How do you make an argument against social domination when the very terms, concepts and languages at your disposal are shaped by, and in turn serve that same social domination? Probably in the way you would light a fire in a wooden stove. How would you write a book about the impossibility of writing just that book? Like a poem about the pointlessness of poems. What if your enemies’ enemies are your own worst enemies? Can you defend liberal society from its fascist enemies when you know it is the wrong state of things? You must, but dialectics may well ‘make cowards of us all’ and spoil our ‘native hue of resolution’.
Dialectic of Enlightenment¹ is a very strange book, and although it was published, in 1947, by the leading publishing house for exiled, German-language anti-fascist literature, the Querido Verlag in Amsterdam, alongside many of the biggest literary names of the time, no-one will have expected that it gradually became one of the classics of modern social philosophy.
It is a book that commits all the sins editors tend to warn against: its chapters are about wildly differing subject matters; the writing is repetitive, circular and fragmented; no argument ever seems exhausted or final and there are no explicitly stated conclusions, and certainly no trace of a policy impact trajectory. Arguments start somewhere, suddenly come to a halt and then move on to something else. If this sounds like the script for a Soviet film from the revolutionary period, then that is not totally coincidental: it is an avant-garde montage film, transcribed into philosophy.
Unsurprisingly, given that it was written during WW2 in American exile and published at the beginning of the Cold War, it does not carry its Marxism on its sleeves, but it gives clear enough hints: in the preface, Horkheimer and Adorno state that the aim of the book is ‘to explain why humanity, instead of entering a truly human state, is sinking into a new kind of barbarism’. This addresses the dialectic referenced in the title of the book.

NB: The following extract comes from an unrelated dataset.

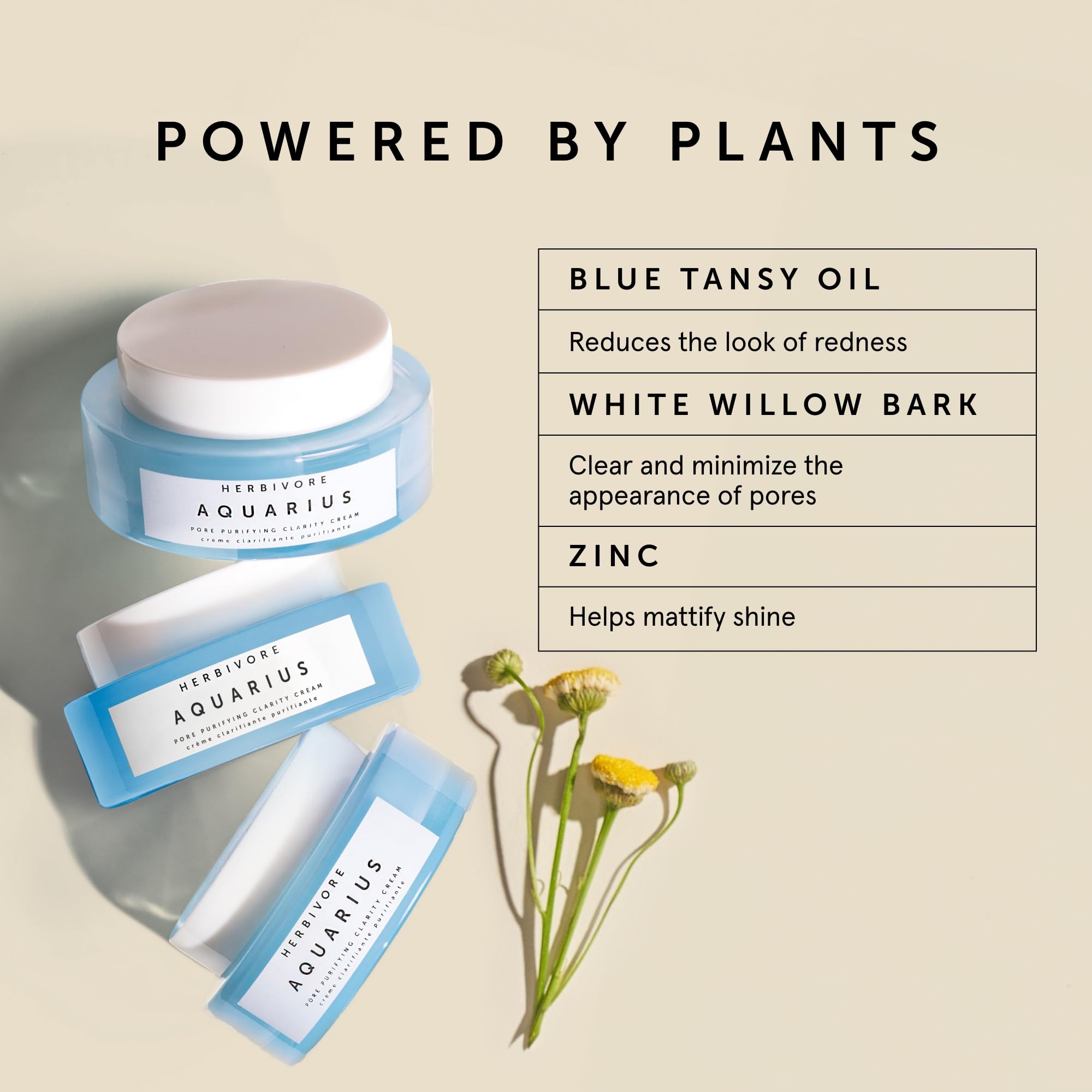 HERBIVORE Aquarius clarity cream willow bark BHA feature highlights natural exfoliation.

The important bit here is the ‘instead of’: the reality of barbarism was undeniable and clearly visible, but the originality of the formulation lies in its implication that humanity could have been expected to enter ‘a truly human state’ sometime earlier in the twentieth century, leaving behind its not so human state.
The promise of progress towards humanity, held by socialists (and some liberals), blew up in their faces. It would have been easy and straightforward then to write a book arguing against the holding of such hope, but this would not have been a dialectical book; Dialectic of Enlightenment undertakes to rescue this hope by looking at why progress tipped over into its opposite.